Doesn’t every high school have a set of O’Malley Brothers? I’m sure we did — and I’m sure they were troublemakers, raffish and charming and always skirting the rules. Well, this set of O’Malley brothers, out of the garage pop stronghold of Chicago, have exactly the sort of dangerous appeal as you’d expect, abrasive rock riffs emerging from sweet power pop harmonies, acerbic lyrics putting a sting in exuberant melodies.
Well, Well, Well is the Safe’s third recording, mostly replicating the band’s rough and rocking live sound, but also adding a layer of sophistication and harmony. Like the Figgs, the Insomniacs and the Anderson Council, they’re somewhere along the sweet side of the garage continuum, borrowing guitar hooks from the Who but tuneful inventiveness from the Kinks and the Beatles. It’s a very retro sound — “Cool Sounds Are Here Again” would work just fine slipped into any Nuggets-era mix — but there’s enough joie de vivre and aggression to make it fresh.
The three musical O’Malley brothers — Frankie, Patrick and Michael — carry most of the weight, but they’ve recruited a niece, a nephew and a cousin to add violins and a harp and their dad to play saxophone. Though the brothers play multiple instruments, Frankie handles mostly drums, Michael bass and Patrick guitar and keyboards. They seem to have a brotherly instinct for what comes next from their siblings.
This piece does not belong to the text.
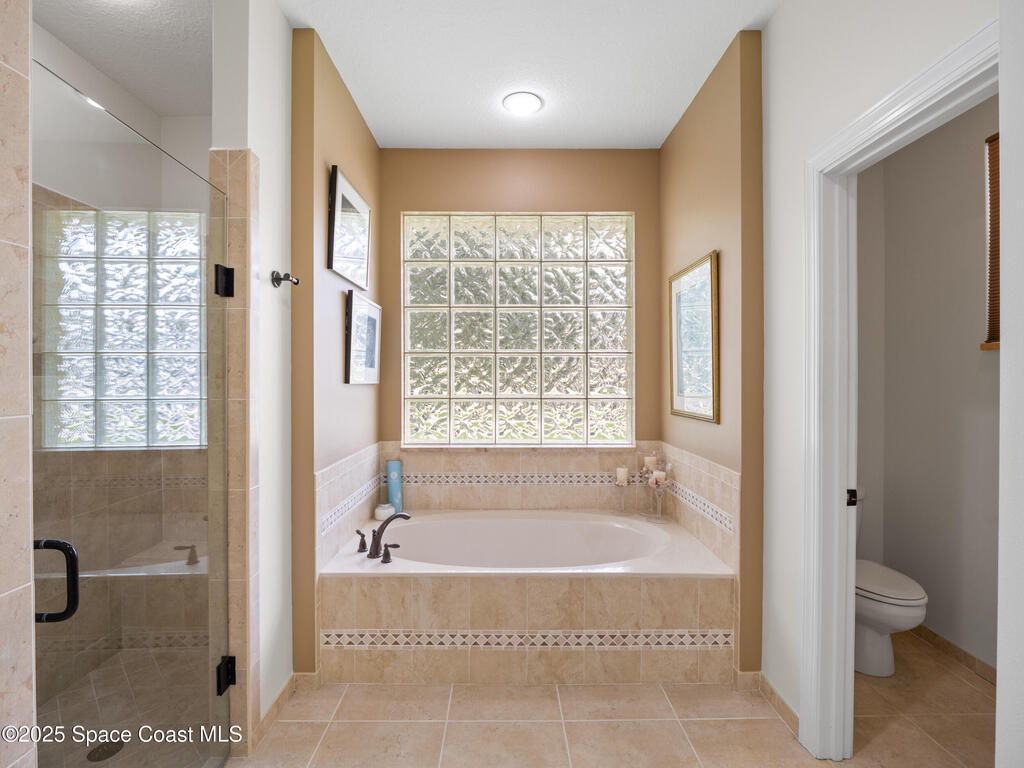 4100 Abington Woods Circle, Vero Beach, FL 32967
Consider, for instance, “Phone Book Full of Phonies” morphs from freeform, time-signature free intro to driving, bass-thumping 4/4, or the way the guitar riff kicks in clean after the dead stop. And maybe it’s because they’re family that their voices fit together so well, criss-crossing and counterbalancing each other in the sublime “Only In Your Mind,” so that you can’t really tell where one ends and the other begins.
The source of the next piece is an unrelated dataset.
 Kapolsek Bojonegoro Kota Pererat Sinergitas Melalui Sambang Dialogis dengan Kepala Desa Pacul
The highlights of this album, songs like “Phonebooks Full of Phonies,” “Fairytale Tomorrow” and “Only in Your Mind”, feel like they’ve always been there, fully-formed and ready to party, until the Safes stumbled upon them. They might remind you, faintly, of the Kinks or the Zombies, the psychedelic Who or Paul Revere & the Raiders, but only because they have the same sort of pop inevitability as these songs. No molds were broken, no genres created, in the making of this record, but what’s here is done well.
In fact, it’s hard to convey exactly what makes a record like this so good. The words available to describe it could be applied to any of a hundred records, some from the 1960s, some from day before yesterday. Good melodies, tautly played and prettily sung, a touch of sarcasm for balance, and occasional brief guitar explosions for necessary chaos… it’s a simple formula, but hard to execute. The Safes Well, Well, Well makes it look easy.